The file has 81 columns - aplhanumeric and numeric - and about 16,000 records.
When I run the query in the emulator using the STRSQL command, the query comes back immediately.
When I run the query on my Web Server, it takes about 30 seconds.
Why is this happening, and is there any way to reduce this time?
While I cannot address whatever overhead might be involved in your web server, I can say there are several other factors to consider:
This may likely have to do primarily in the differences between the way the two system interfaces work.
Your interactive STRSQL session will start displaying results as quickly as it receives the first few pages of data. You are able to page down through that initial data, but generally at some point you will see a status message at the bottom of the screen indicating that it is now getting more data.
I assume your web server is waiting until it receives the entire result set. It wants to get all the data as it is building the HTML page, before it sends the page. Thus you will naturally wait longer.
If this is not how your web server application works, then it is likely to be a JT400 JDBC Properties issue.
If you have overridden any default settings, make sure that those are appropriate.
In some situations the OPTIMIZATION_GOAL settings might be a factor. But if you are reading the table (aka physical file or PF) directly, in its physical sequence, without any index or key, then that might not apply here.
Your interactive STRSQL session will default to a setting of *FIRSTIO, meaning that the query is optimized for returning the first pages of data quickly, which corresponds to the way it works.
Your JDBC connection will default to a "query optimize goal" of "0", which will translate to an OPTIMIZATION_GOAL setting of *ALLIO, unless you are using extended dynamic packages. *ALLIO means the optimizer will try to minimize the time needed to return the entire result set, not just the first pages.
Or, perhaps first try simply adding FOR READ ONLY onto the end of your SELECT statement.

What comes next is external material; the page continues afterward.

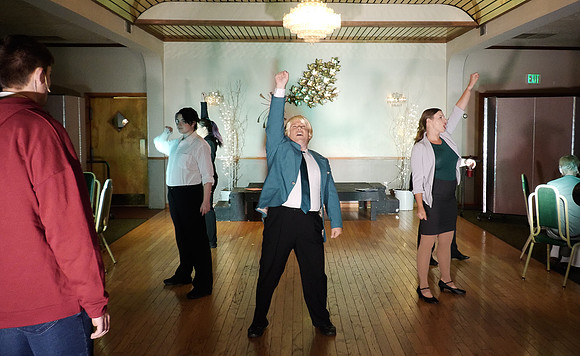 TheWeddingSingerStills_0110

Update: a more advanced solution
You may be able to bypass the delay caused by waiting for the entire result set as part of constructing the web page to be sent.

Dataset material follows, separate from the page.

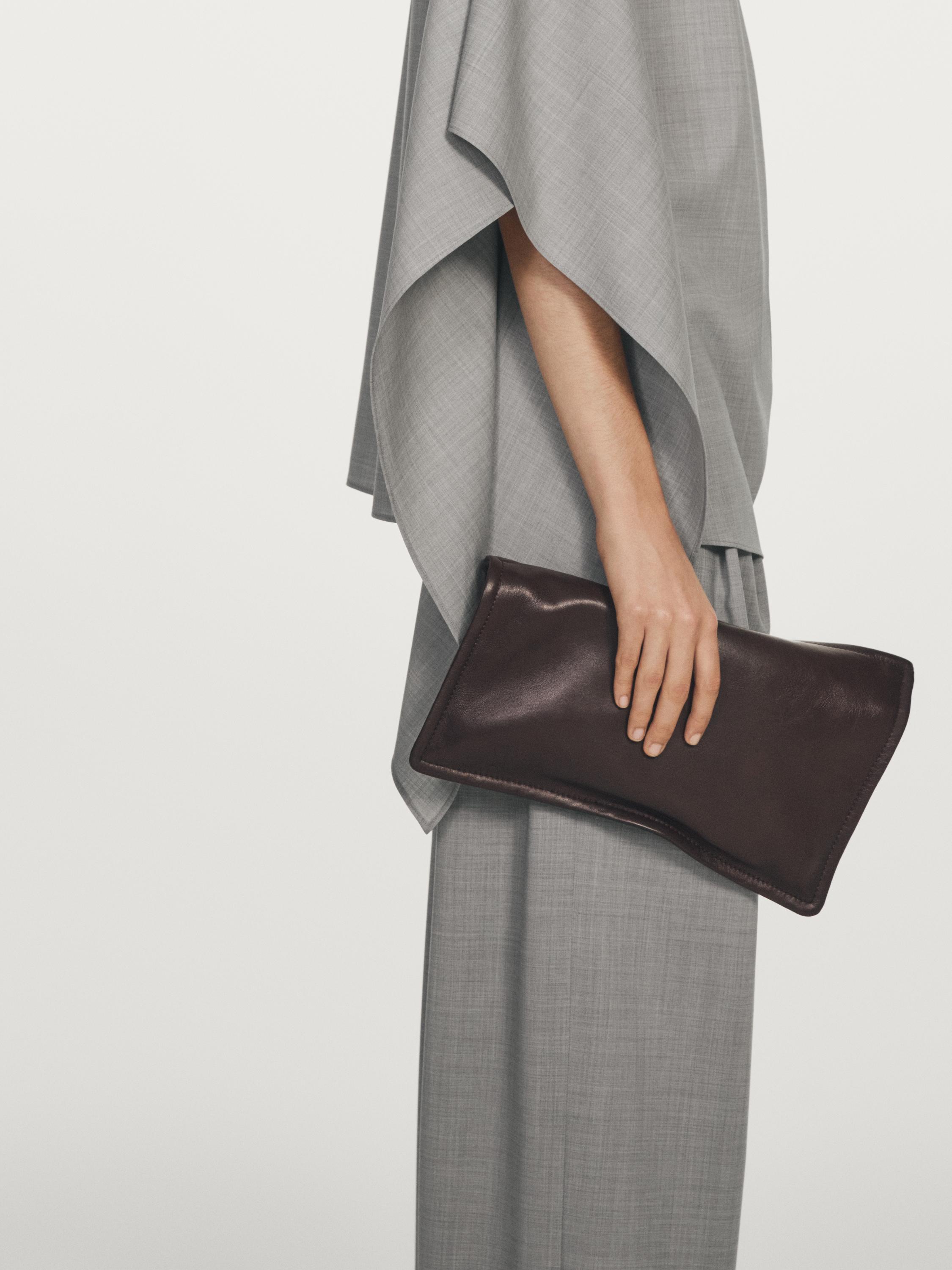 بلوزة غير متماثلة بكشكش صوف 100% - STUDIO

Send a web page out to the browser without any records, or limited records, but use AJAX code to load the remainder of the data behind the scenes.
Use large block fetches whenever feasible, to grab plenty of rows in one clip.

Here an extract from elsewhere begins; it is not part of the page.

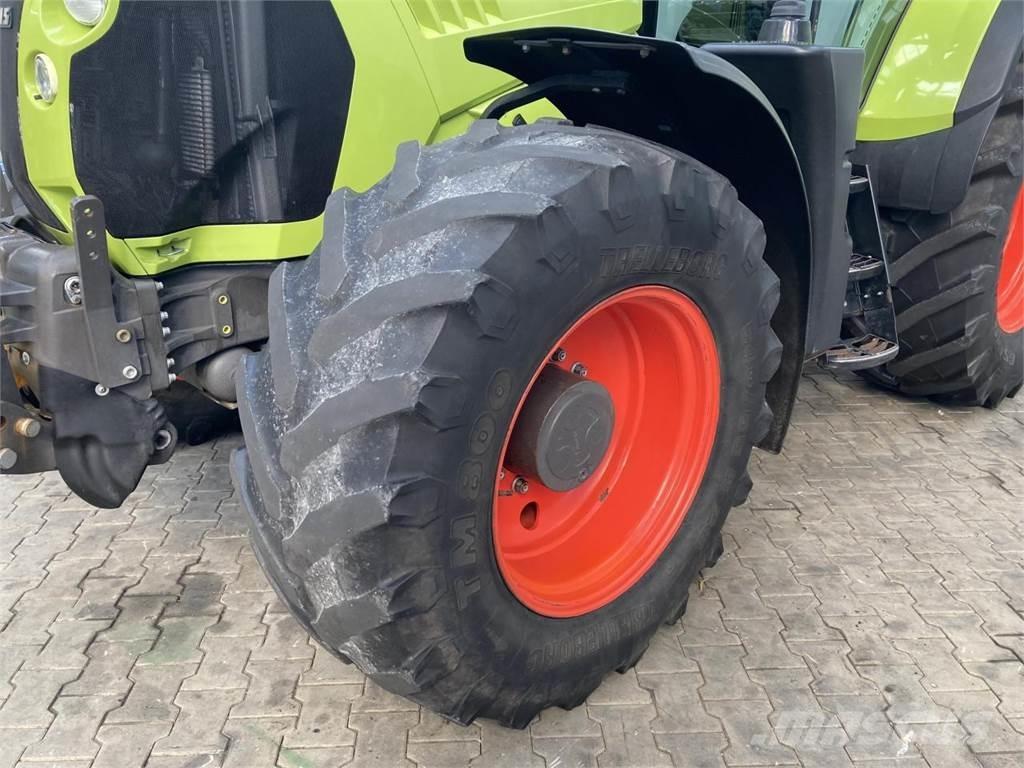 CLAAS Arion 640 Tractores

One thing you need to remember, the i saves the access paths it creates in the job in case they are needed again. Which means if you log out and log back in then run your query, it should take longer to run, then the second time you run the query it'll be faster. When running queries in a web application, you may or may not be reusing a job meaning the access paths have to be rebuilt.
If speed is important. I would:
Look into optimizing the query. I know there are better sources, but I can't find them right now.
Create a stored procedure. A stored procedure saves the access paths created.
With only 16000 rows and no WHERE or ORDER BY this thing should scream. Break the problem down to help diagnose where the bottleneck is. Go back to the IBM i, run your query in the SQL command line and then use the B, BOT or BOTTOM command to tell the database to show the last row. THAT will force the database to cough up the entire 16k result set, and give you a better idea of the raw performance on the IBM side. If that's poor, have the IBM administrators run Navigator and monitor the performance for you. It might be something unexpected, like the 'table' is really a view and the columns you are selecting might be user defined functions.
If the performance on the IBM side is OK, then look to what Cold Fusion is doing with the result set. Not being a CF programmer, I'm no help there. But generally, when I am tasked with solving multi-platform performance issues, the client side tends to consume the entire result set and then use program logic to choose what rows to display/work with. The server is MUCH faster than the client, and given the right hints, the database optimiser can make some very good decisions about how to get at those rows.